Okocimski KS Brzesko - Zawisza Bydgoszcz 1:4 (Wojcieszyński 59' - Skrzyński 8', Masłowski 30', Abbott 38', Wójcicki 43')

Efekt nowej miotły zadziałał imponująco. Zawisza wygrał pod wodzą Ryszarda Tarasiewicza w Brzesku aż 4:1 i powraca do gry o ekstraklasę. Gospodarze nawarzyli sobie piwa w ostatnim kwadransie pierwszej połowy, gdy Aleksander Kozioł aż trzykrotnie musiał sięgać po piłkę do siatki. Okocimskiemu nie pomagają póki co Jakub Kowalski i Bartosz Flis.

Kolejarz Stróże - GKS Katowice 2:2 (Giesa 14', Kowalczyk 65' - Rakels 76', Pitry 84')

W klasycznym meczu o pietruszkę strzelali snajperzy - Kowalczyk po raz osiemnasty, a Pitry po raz dwunasty. Katowiczanie remis wywalczyli rzutem na taśmę i zepchnęli Arkę na 10. miejsce w tabeli.

Miedź Legnica - Termalica Nieciecza 2:1 (Grzegorzewski 83', Mowlik 87' - Drozdowicz 80')

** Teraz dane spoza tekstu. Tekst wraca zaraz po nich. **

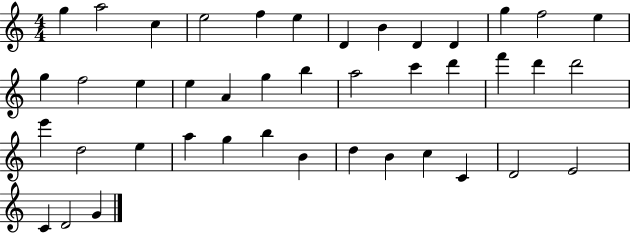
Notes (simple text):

G5/q A5/h C5/q E5/h F5/q E5/q D4/q B4/q D4/q D4/q G5/q F5/h E5/q G5/q F5/h E5/q E5/q A4/q G5/q B5/q A5/h C6/q D6/q F6/q D6/q D6/h E6/q D5/h E5/q A5/q G5/q B5/q B4/q D5/q B4/q C5/q C4/q D4/h E4/h C4/q D4/h G4/q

Po bramce Emila Drozdrowicza piłkarze spod Tarnowa mieli wirtualnie dziewięć punktów przewagi nad trzecim Dolcanem Ząbki, ale Miedź pokazała charakter i zagrała do końca. Nie zawiódł ich najlepszy napastnik - Jakub Grzegorzewski, a zwycięską bramkę zdobył łączący obowiązki piłkarza i dyrektora sportowego Mariusz Mowlik. Tym samym z ogłoszeniem pierwszego beniaminka ekstraklasy wciąż trzeba poczekać. Na pocieszenie podopieczni Kazimierza Moskala mogą sobie i tak te 3 punkty dopisać, bo w przyszłej kolejce mają rozpisany mecz z ŁKS-em.